A complete configuration example

The following configuration for a weather MCP proxy enables PRM discovery, Bearer token authentication for inbound clients, and client credentials for the upstream:
{
  "openapi": "3.0.3",
  "info": { "title": "Weather MCP proxy", "version": "2025-11-25" },
  "paths": {
    "/mcp": {
      "post": { "operationId": "mcpTransportPost", "responses": { "200": { "description": "JSON-RPC response" } } },
      "get":  { "operationId": "mcpSSEGet",         "responses": { "200": { "description": "SSE stream" } } }
    }
  },
  "x-tyk-api-gateway": {
    "info": {
      "name": "Weather MCP proxy",
      "state": { "active": true }
    },
    "server": {
      "listenPath": { "value": "/weather-mcp/", "strip": true },
      "authentication": {
        "enabled": true,
        "securitySchemes": {
          "authToken": { "enabled": true }
        },
        "protectedResourceMetadata": {
          "enabled": true,
          "resource": "https://gateway.example.com/weather-mcp/",
          "authorizationServers": ["https://auth.example.com"],
          "scopesSupported": ["tools:read", "tools:write"]
        }
      }
    },
    "upstream": {
      "url": "https://weather-mcp.example.com",
      "authentication": {
        "enabled": true,
        "oauth": {
          "enabled": true,
          "allowedAuthorizeTypes": ["clientCredentials"],
          "clientCredentials": {
            "clientId": "tyk-gateway-client",
            "clientSecret": "your-client-secret",
            "tokenUrl": "https://auth.example.com/oauth/token",
            "scopes": ["mcp:read", "mcp:write"]
          }
        }
      }
    }
  }
}
In this configuration:
  • MCP clients that arrive without a token receive a 401 with a WWW-Authenticate header pointing to the PRM document.

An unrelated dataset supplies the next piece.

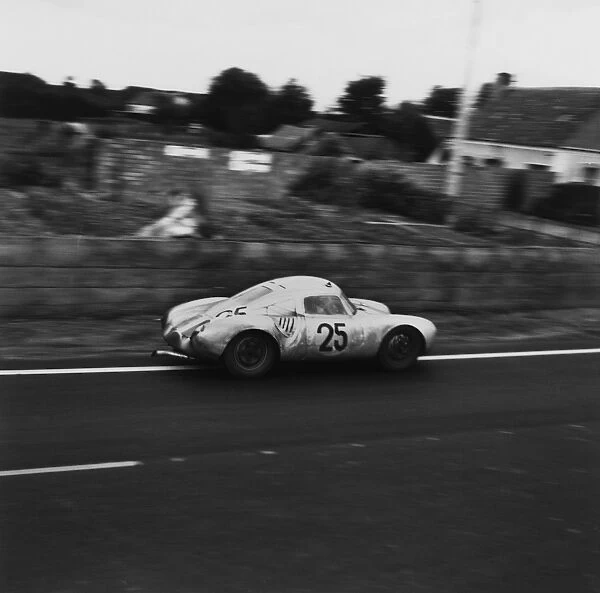 1956 Le Mans 24 hours: Richard von Frankenberg  /  Wolfgang von Trips, 5th position, action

  • Clients that follow the discovery flow obtain a token from https://auth.example.com and present it as a Bearer token.

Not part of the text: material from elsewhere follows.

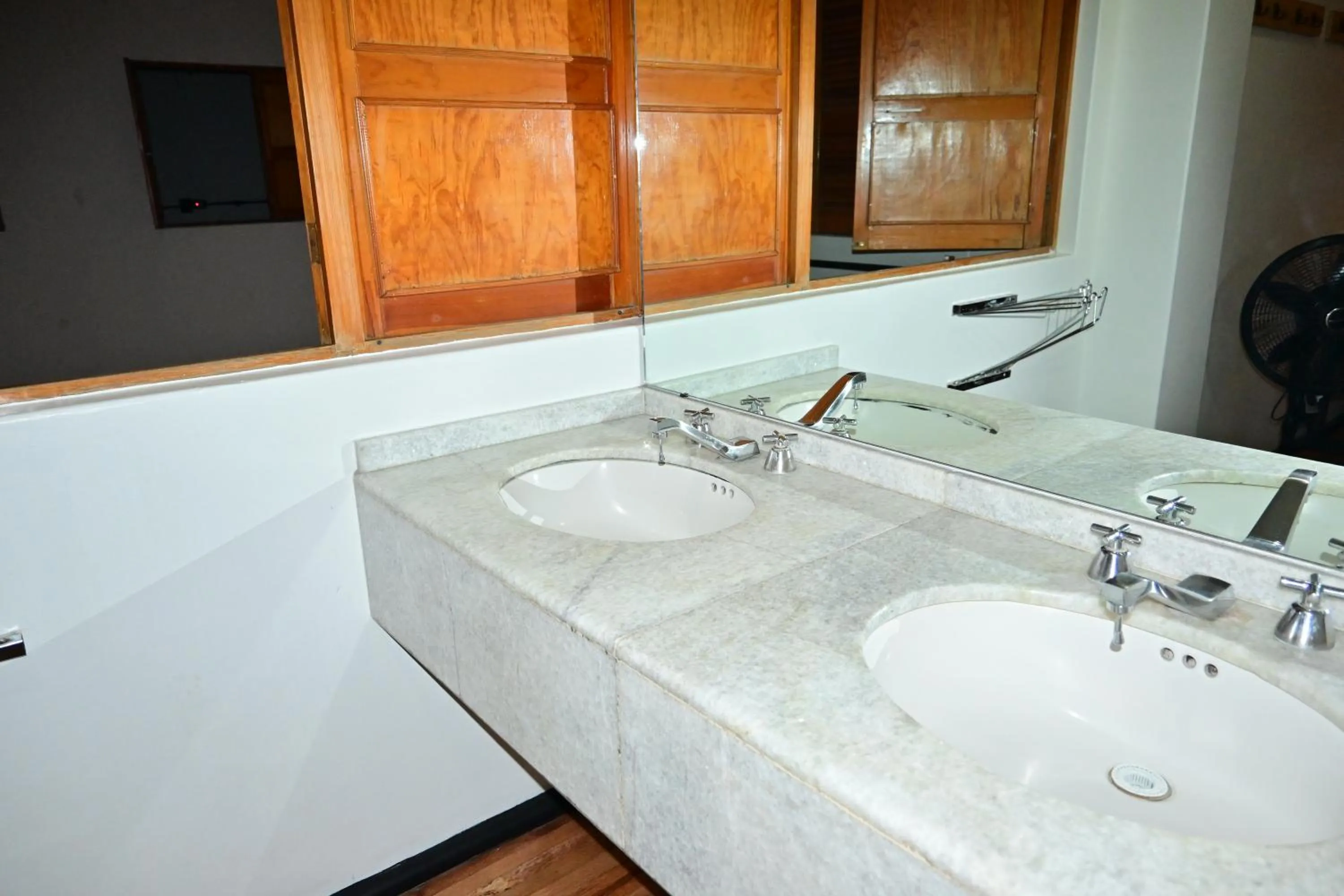 Bathroom in Hostel Mundo Joven Catedral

  • Tyk validates that token against the configured authentication scheme.
  • Tyk then acquires its own token from https://auth.example.com using client credentials and forwards the proxied request to the upstream with that token.
The two tokens are distinct: the inbound token belongs to the AI agent, the upstream token belongs to the gateway. Their respective authorization servers may impose different scopes and policies on each.